After a short period of practice in his native town, Osgood came with his wife Helen W. Osgood to China as a medical missionary, arriving at Fuzhou on January 22, 1870. Upon his arrival he began practicing medicine part-time, while putting much of his energy in the study of the Chinese and the Fuzhou dialect, and very soon he mastered the language. He established the Foochow Medical Missionary Hospital near Ponasang, where he devoted much of his energy. In 1878 a new fifty-bed hospital at the Peace Street was completed with funds contributed by foreign businessmen and Chinese merchants and officials in Fuzhou, and the old building was turned into an opium asylum.

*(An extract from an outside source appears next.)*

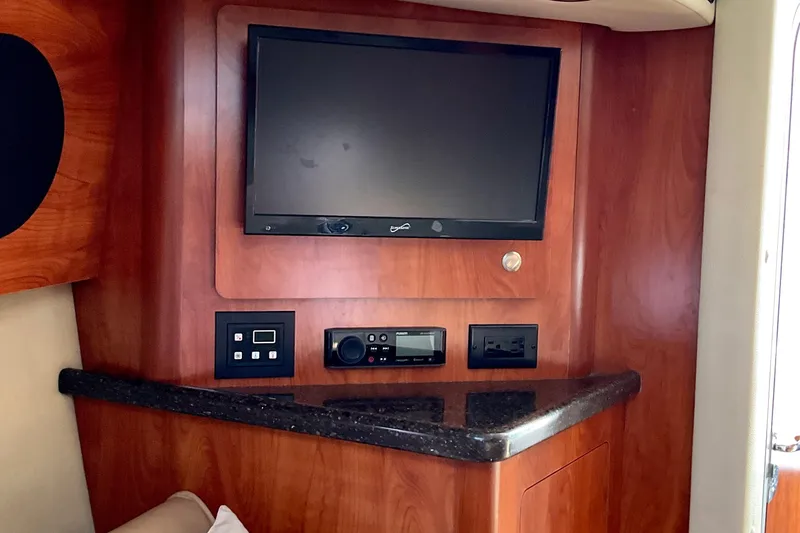 Slide: The Image of 2013 Rinker 290 Express Cruiser interior with TV and control panel on wood finish. - 17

Osgood worked in Fuzhou for a little more than a decade until his own health broke down in the summer of 1880. During his ten years of labor he had given medical aid to 51,838 patients and about 1,500 opium smokers. On August 17, 1880, Osgood died of sunstroke at a sanitarium on Sharp Peak Island near the mouth of River Min. The day before his death he completed a five-volume translation of a standard work on anatomy into Chinese.

==Grave==
Dr. Osgood was buried in the American Mission Cemetery in Fuzhou, near the corner of the grounds and close to the wall at the right of the cemetery gate. There was a white marble cross at the head, and the grave was surrounded by a black iron chain set in a low granite base. The English inscription on his tombstone read:
In the cross of Christ I glory
Dauphin William Osgood
Arrived at Fuzhou January 22, 1870
Died at Sharp Peak August 17, 1880
Erected by the foreign community of Fuzhou as a token of respects.

On the opposite side of the base stone was a quotation from Jeremiah 49:11,
Leave thy fatherless children. I will preserve them alive, and let the widows trust in me.

The Foochow Mission Cemetery was destroyed during Cultural Revolution.